Esse projeto, que na semana passada teve o apoio de todos os Parlamentares por ser polêmico — criava uma bolsa de 100 reais para o menor infrator, ou seja, aquele que praticava um crime ganhava uma bolsa de 100 reais...
O SR. JOSÉ GENOÍNO - Isso mudou. Isso mudou.
O SR. WILLIAM WOO - ...e aquele que não praticava não ganhava. Só com a discussão de hoje, já foram retirados os arts. 8º e seguintes. Precisamos de uma discussão muito mais ampla. Alguns artigos do PRONASCI não cumprem a orientação.
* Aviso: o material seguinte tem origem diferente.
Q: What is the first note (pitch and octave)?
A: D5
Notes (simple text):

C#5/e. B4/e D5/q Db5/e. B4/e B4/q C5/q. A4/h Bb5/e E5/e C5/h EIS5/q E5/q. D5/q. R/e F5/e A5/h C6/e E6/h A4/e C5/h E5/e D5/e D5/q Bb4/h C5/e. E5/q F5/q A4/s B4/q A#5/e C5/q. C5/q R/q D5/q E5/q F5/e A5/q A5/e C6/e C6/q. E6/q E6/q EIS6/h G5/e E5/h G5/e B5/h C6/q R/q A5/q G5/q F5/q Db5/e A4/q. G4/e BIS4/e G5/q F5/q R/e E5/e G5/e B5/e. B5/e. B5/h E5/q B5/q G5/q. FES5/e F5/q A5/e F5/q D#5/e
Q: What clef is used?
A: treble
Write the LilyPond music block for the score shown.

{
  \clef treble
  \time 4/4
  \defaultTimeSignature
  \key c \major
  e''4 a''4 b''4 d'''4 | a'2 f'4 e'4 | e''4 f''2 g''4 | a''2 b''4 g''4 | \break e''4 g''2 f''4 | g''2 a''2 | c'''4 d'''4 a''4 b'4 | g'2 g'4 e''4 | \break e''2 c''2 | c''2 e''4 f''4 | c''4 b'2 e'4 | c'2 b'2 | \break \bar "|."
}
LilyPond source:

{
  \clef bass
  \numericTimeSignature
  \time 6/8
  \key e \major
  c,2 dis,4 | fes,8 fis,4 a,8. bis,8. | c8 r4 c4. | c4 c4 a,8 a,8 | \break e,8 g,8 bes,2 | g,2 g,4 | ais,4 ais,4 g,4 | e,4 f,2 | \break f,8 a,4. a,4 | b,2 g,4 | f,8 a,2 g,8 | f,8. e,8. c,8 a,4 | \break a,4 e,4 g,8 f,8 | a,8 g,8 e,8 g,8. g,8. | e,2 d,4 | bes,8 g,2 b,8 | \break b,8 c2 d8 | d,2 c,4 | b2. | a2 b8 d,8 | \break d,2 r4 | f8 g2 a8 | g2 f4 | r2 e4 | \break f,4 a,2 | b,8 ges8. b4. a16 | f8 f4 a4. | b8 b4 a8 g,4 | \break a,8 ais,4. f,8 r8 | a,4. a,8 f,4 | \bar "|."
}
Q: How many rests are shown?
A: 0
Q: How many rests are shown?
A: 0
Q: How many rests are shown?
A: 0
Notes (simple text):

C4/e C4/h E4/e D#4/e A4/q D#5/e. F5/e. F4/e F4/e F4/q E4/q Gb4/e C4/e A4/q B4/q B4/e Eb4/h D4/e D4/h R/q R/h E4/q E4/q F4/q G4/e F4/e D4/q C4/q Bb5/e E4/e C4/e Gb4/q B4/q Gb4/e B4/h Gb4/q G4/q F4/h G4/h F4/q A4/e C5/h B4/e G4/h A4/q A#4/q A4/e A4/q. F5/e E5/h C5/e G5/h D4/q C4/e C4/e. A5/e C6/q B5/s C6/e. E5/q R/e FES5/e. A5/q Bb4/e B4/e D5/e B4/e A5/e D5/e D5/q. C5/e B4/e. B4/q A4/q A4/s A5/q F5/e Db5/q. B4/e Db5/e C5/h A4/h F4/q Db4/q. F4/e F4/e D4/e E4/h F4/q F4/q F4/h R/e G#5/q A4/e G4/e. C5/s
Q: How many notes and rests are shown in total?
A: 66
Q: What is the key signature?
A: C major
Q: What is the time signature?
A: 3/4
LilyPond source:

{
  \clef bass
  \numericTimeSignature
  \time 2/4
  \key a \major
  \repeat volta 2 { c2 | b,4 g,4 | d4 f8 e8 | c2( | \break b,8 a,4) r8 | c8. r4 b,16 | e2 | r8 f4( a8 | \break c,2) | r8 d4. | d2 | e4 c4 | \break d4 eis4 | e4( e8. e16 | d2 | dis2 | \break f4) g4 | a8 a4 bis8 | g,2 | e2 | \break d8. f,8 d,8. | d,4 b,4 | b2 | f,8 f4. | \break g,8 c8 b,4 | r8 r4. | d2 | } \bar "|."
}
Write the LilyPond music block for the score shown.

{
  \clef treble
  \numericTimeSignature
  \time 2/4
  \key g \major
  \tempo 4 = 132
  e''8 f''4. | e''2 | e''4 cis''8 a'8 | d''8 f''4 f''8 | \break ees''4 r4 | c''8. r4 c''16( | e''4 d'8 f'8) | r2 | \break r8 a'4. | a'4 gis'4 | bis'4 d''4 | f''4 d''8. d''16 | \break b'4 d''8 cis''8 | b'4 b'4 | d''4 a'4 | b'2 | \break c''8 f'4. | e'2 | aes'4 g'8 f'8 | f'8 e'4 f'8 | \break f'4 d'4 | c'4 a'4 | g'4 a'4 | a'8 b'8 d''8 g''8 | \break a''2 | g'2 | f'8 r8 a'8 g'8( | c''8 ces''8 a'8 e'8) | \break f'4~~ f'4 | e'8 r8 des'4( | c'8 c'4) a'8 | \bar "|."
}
Sr. Presidente, em segundo lugar, quando não estou no microfone, respeito os demais colegas que estão falando. O respeito deve ser de todos, indiferentemente de quem foi Líder ou tem mais mandatos que o outro.  
Estou orientando pelo PSDB. Somos favoráveis ao adiamento por 2 sessões.
O SR. PRESIDENTE (Arlindo Chinaglia) - Com referência a interromper o orador, V.Exa. tem razão. O inesperado também acontece, mas V.Exa. continuou sua argumentação e concluiu seu raciocínio.
O SR. EVANDRO MILHOMEN - Sr. Presidente, peço a palavra pela ordem. 
O SR. PRESIDENTE (Arlindo Chinaglia) - Tem V.Exa. a palavra.
O SR. EVANDRO MILHOMEN (Bloco/PCdoB-AP. Pela ordem. Sem revisão do orador.) - Sr. Presidente, na votação anterior, votei com o PCdoB.